07 maggio, 2013

"Viaggio sola": solitudine o libertà? Di Francesca Saveria Cimmino



Film di Maria Sole Tognazzi, interpretato da Margherita Buy nei panni di Irene, un’ispettrice alberghiera.
Vivere in non-luoghi, vivere da soli. Libertà significa poter sbattere le ali serenamente senza timore di invadere il territorio altrui e senza avere una meta precisa. Andare, con se stessi, ovunque e sentirsi appagati. Una fortuna senza pari, ma contemporaneamente un rischio. Il pericolo è quello di confondere l’indipendenza, l’autonomia, il bastare a se stessi con la solitudine. Un confine labile e una linea sottile dividono questi due concetti; sfumando attraverso la malinconia che prima o poi si impossessa della mente umana e rischia di farla cadere nella consapevolezza di esser tristemente un numero primo.

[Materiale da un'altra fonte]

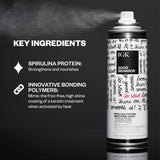 IGK GOOD BEHAVIOR Spirulina Protein Smoothing Spray + Anti-Frizz Smoothing Blowout Balm | Keratin Like Treatment + Frizz Control + Heat Protectant | Vegan + Cruelty Free
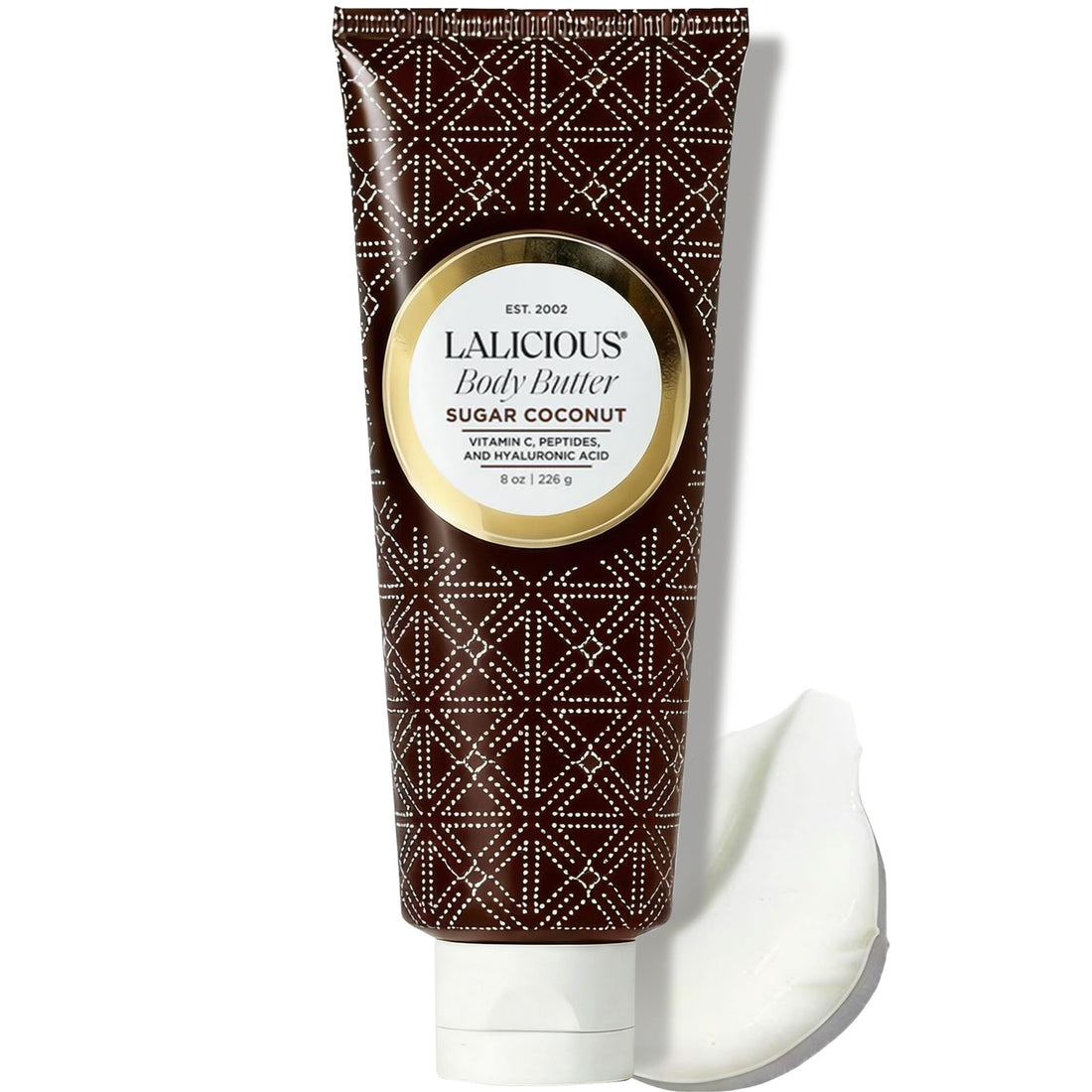 LaLicious Sugar Kiss® Whipped Body Butter 8oz | Ultra-Hydrating Shea Butter Body Cream with Hyaluronic Acid, Vitamin C & Peptides | Moisturizing Lotion for Dry Skin | Firming & Skin-Softening
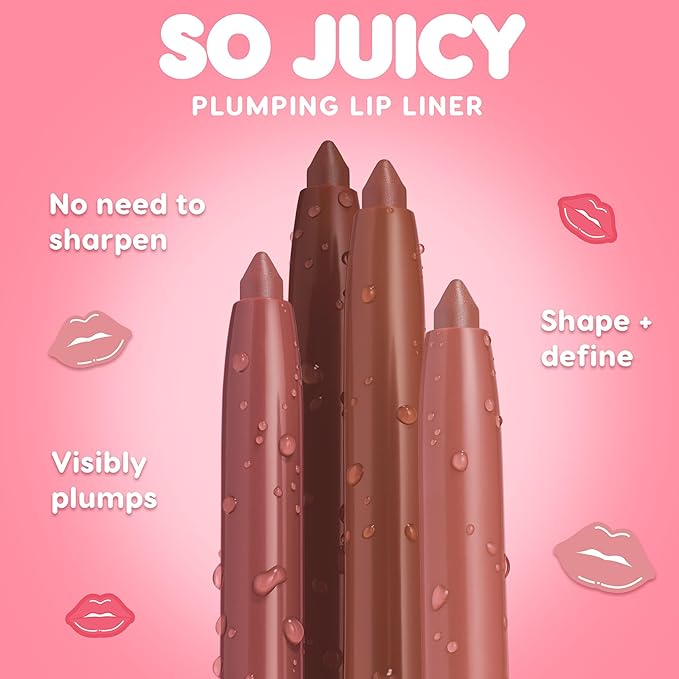 ColourPop So Juicy Plumping Lip Liner with Peptides - Long Lasting Lip Liner for Visibly Plumped & Shaped Lips - Enriched with Smoothing Ceramides & Peppermint - Mocha Latte (0.01 oz)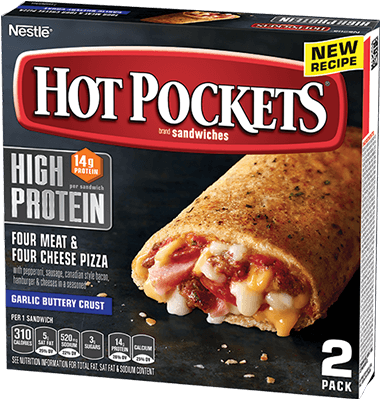 Four Meat &amp - High Protein Hot Pocket (516x516), Png Download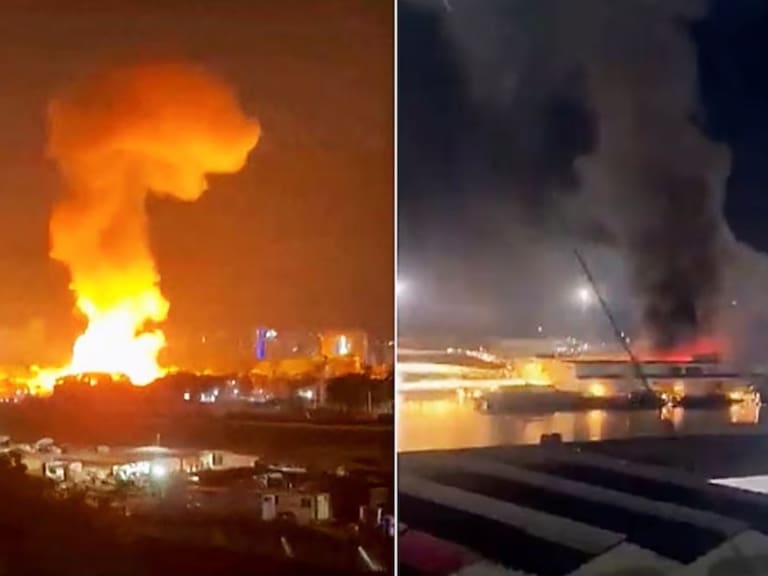 Madrugada de fuego en Venezuela: Las imágenes del ataque de Estados Unidos que terminó con la captura de Maduro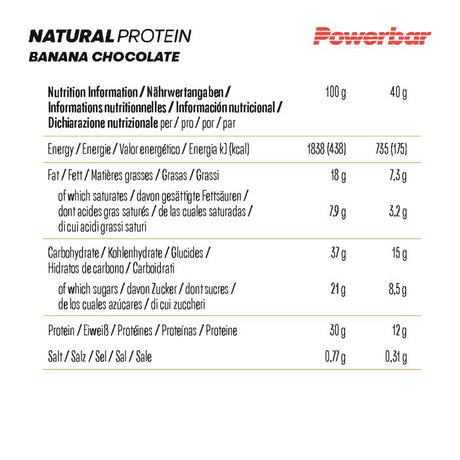 Powerbar Natural Protein Vegan Bar 18 Box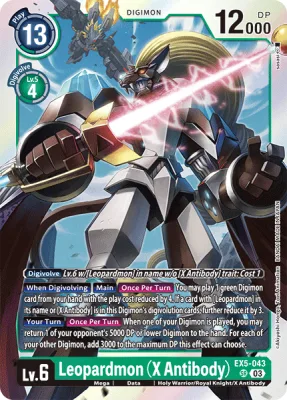 Leopardmon (X Antibody), Digimon card EX5-043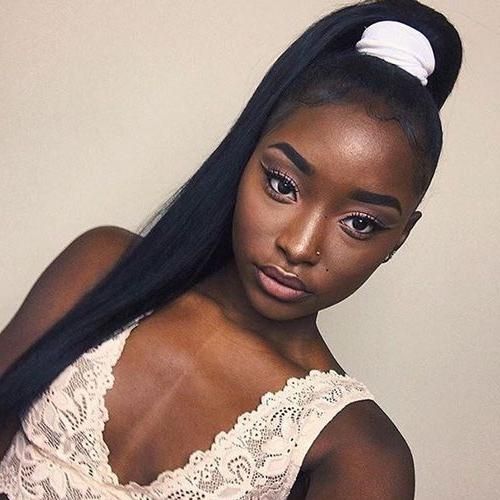 Newest Black People Long Hairstyles In 20 Mejores Imágenes De The Long Hairstyles For Black Women En (View 7 of 20)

Irene è una donna forte, audace, fiera della vita che ha costruito faticosamente. Sua sorella (Fabrizia Sacchi) è sposata e ha due bambine ma la sua vita sembra essere noiosa e piatta; il suo migliore amico (Stefano Accorsi) sta per diventare padre e a stento conosce colei con cui ha concepito. Ognuno ha una vita, ognuno dei dolori e delle gioie conservati nel cassetto. C’è chi urla, chi resta in silenzio e chi si adatta alla realtà cercando di colmare i vuoti con meditazione, lettura e sport. Benessere e felicità sono parametri assolutamente soggettivi, e questo è un messaggio del film chiaro e rilevante. Ciascuno sceglie la propria strada, ognuno decide se e quando fermarsi; questo viaggio è individuale e bisogna basarsi sull’istinto, sulle passioni; circondandosi di positività o sforzandosi affinché si tenda a quest’ultima.
Non è facile stabilire se la vita di Irene sia migliore o peggiore di quella di chi abbia preferito condividere con qualcuno il cammino. La compagnia può essere il miglior bastone, ma anche un fardello o una preoccupazione di troppo. Il montaggio alternato tra il taxi in cui Irene gioca con le nipoti e il motorino su cui è seduta sua sorella con il marito è una scelta di regia idonea se il fine è quello di rappresentare attraverso le immagini una dualità  e contemporaneamente una continua necessità di confronto. L’uomo è un animale sociale; eppure convivere con “io, me e me stessa” talvolta è la sfida più difficile da affrontare e da vincere.
Interessante la fotografia, il soggetto e la sceneggiatura del prodotto filmico.